Im genannten Urteil hatte das Finanzamt bei einem Erotikbetrieb mit Verkaufsshop und Erotikkino eine Betriebsprüfung durchgeführt. Im Teilbereich des Kinos hatte der Steuerpflichtige vergessen, die dort aufgestellten Zahlungsautomaten getrennt auszuzählen, sondern lies alles auf Bankkonto einzahlen. Hierdurch entstand auch nach Auffassung der Finanzrichter ein nicht unerheblicher Buchführungsmängel, der das Ergebnis der betrieblichen Buchführung in Zweifel zog und die Finanzverwaltung grundsätzlich zu einer Schätzung gemäß § 162 AO berechtigte.

Gleichwohl beanstandete der Bundesfinanzhof diese Schätzung und gleichzeitig das bestätigende Urteil der ersten Instanz: Das Finanzamt hatte nämlich ohne großes Federlesen die erklärten Umsätze für das Kino einfach um 10 % erhöht und kam hierdurch naturgemäß zu einer massiven Nachzahlung von Umsatz-, Gewerbe- und Körperschaftsteuer.

Dem hat der Bundesfinanzhof eine klare Absage erteilt allein aus dem Argument heraus, dass die Zuschätzung von 10 % in keiner Weise näher begründet worden war. Deshalb sei die Prozentzahl nicht überprüfbar und könne nicht bestehen bleiben. Bevor man zu einer derartigen, in der Praxis als „griffweise“ bezeichneten Zuschätzung komme, müssten andere Schätzungsmethoden versagt haben. Darüber hinaus müsste begründet werden, warum die gewählte Höhe des Zuschlages schlüssig, wirtschaftlich möglich und vernünftig gewesen sei.

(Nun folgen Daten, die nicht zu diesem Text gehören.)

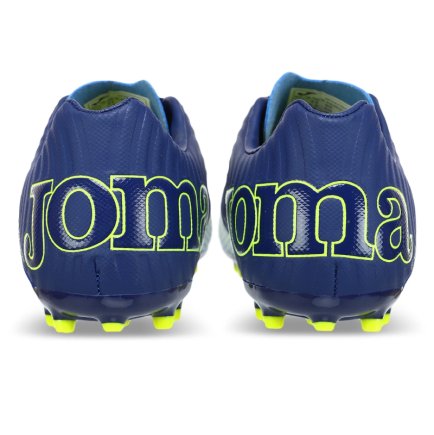 Бутсы Joma Xpander Black XPAS2304AG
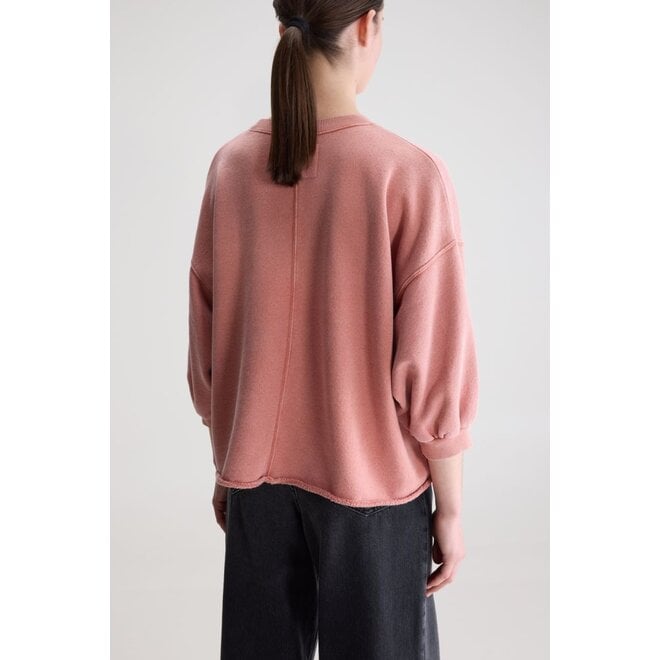 Bellerose | Vicske62 Sweater Etruscan Red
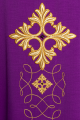Ornat LE/7018/03 - HAF LE/7018/03 - Dewocjonalia P.H. Jakóbczak - Katolicki sklep liturgiczny i hurtownia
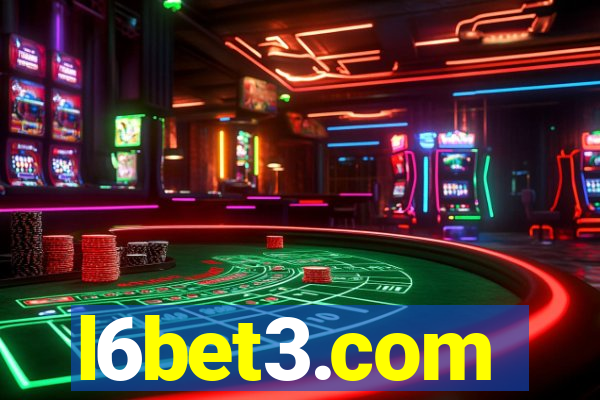 l6bet3.com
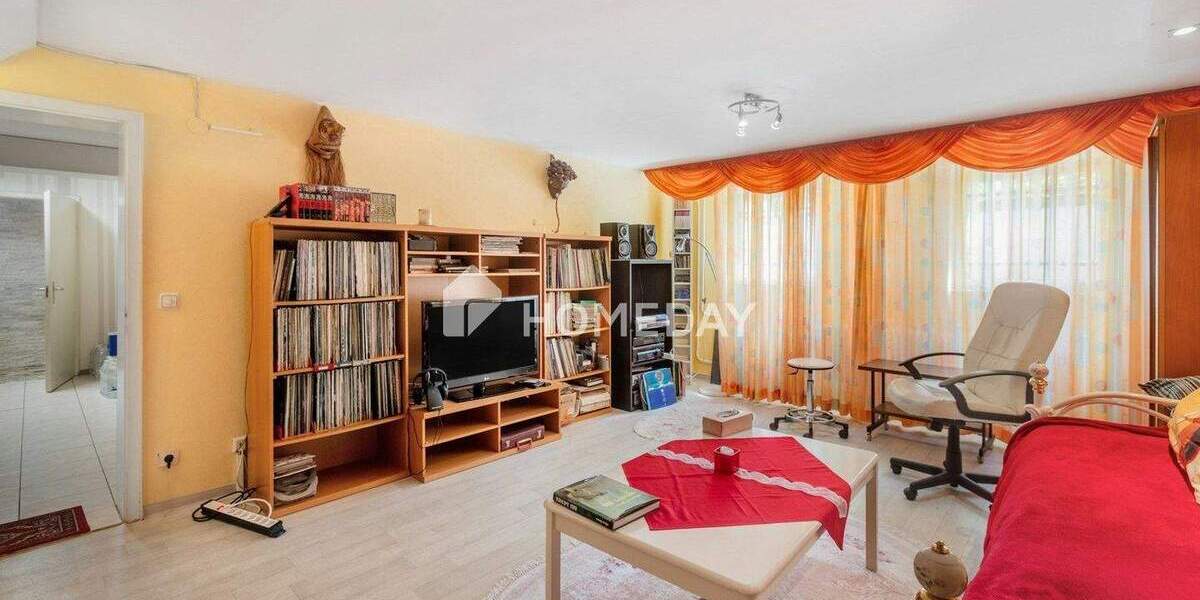 Ein Haus für Visionäre: 180 qm Wohnfläche, großzügiges Grundstück, Wintergarten & Gartenparadies 8 zimmer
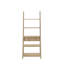 LPD Home 175.5cm H x 64cm W Ladder Bookcase-17613456-123754582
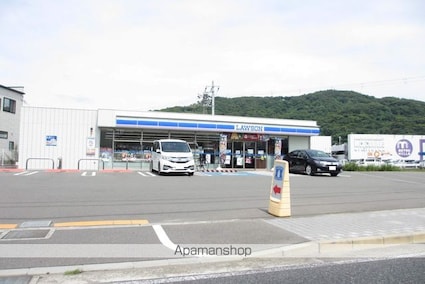 和歌山県和歌山市和歌浦東３丁目[3DK/69.3m2]の周辺5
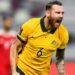 Australia crushes Indonesia 5-1 in World Cup Qualifier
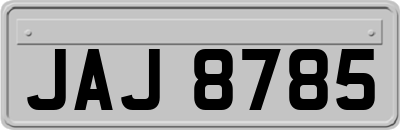 JAJ8785
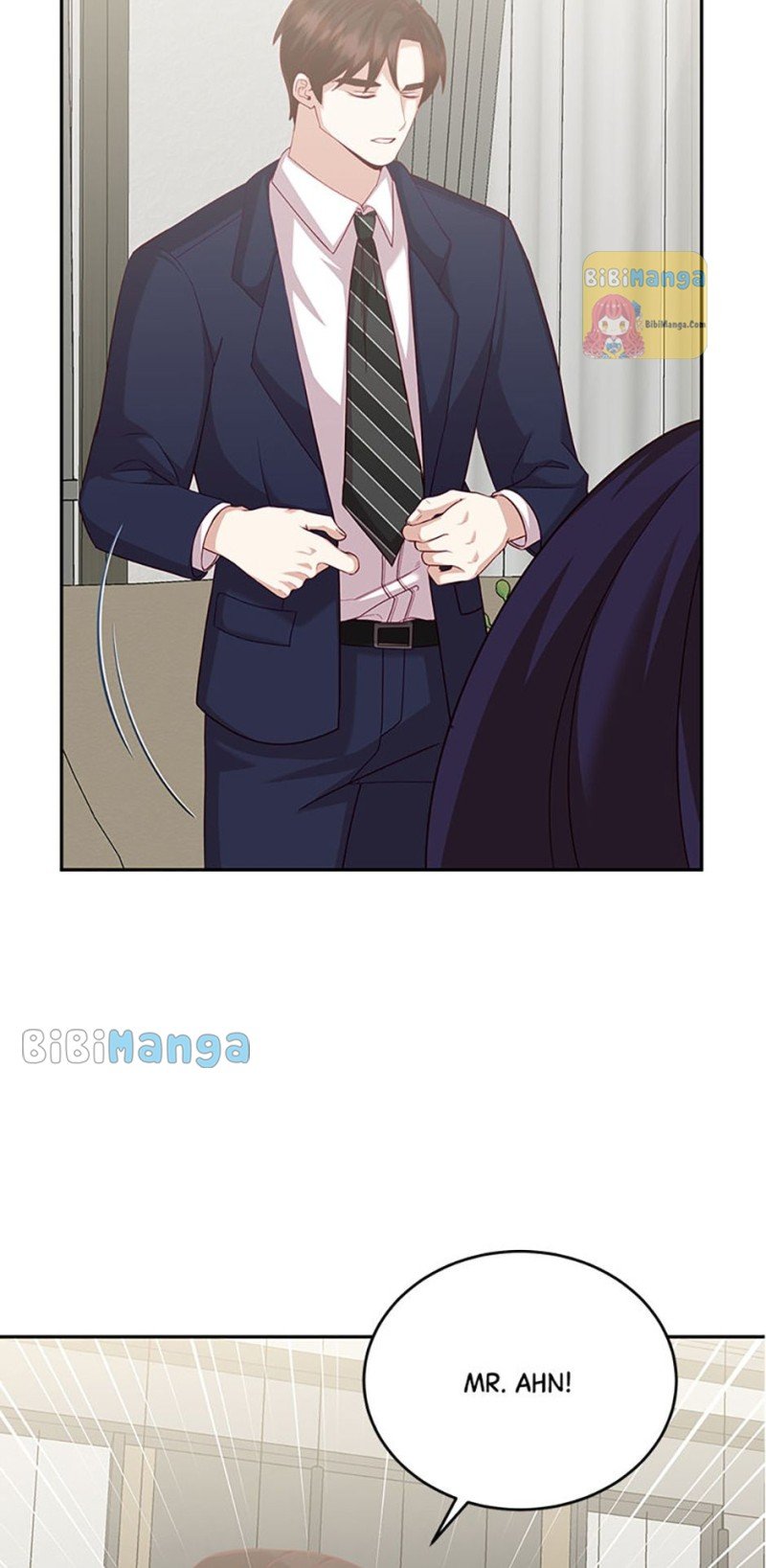 My Husband's Scandal - Chapter 34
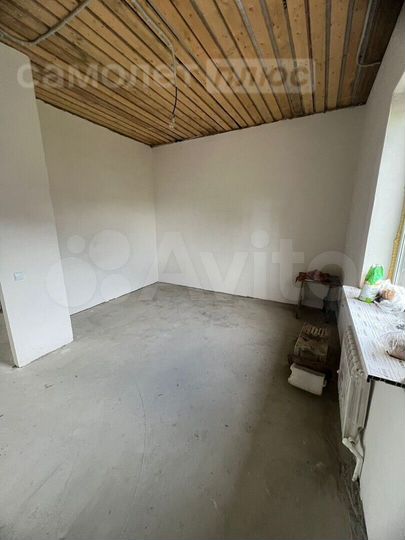 Дом 81 м² на участке 5 сот.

Konsequenzen daraus: Diese Entscheidung kann in der Tagespraxis von streitig verlaufenden Betriebsprüfungen von großer Bedeutung werden, wenn man sich auf die dort festgelegten Grundsätze beruft. Die „griffweise Zuschätzung“ wird im Besteuerungsverfahren nicht selten vorgenommen, sie ist von der Betriebsprüfung eben äußerst einfach zu handhaben und wie ein Hebel zur Begründung praktisch jeden gewünschten Ergebnisses einzusetzen. Dagegen kann man sich oftmals erfolgreich wehren, mit diesem Urteil des Bundesfinanzhofs im Rücken noch effektiver.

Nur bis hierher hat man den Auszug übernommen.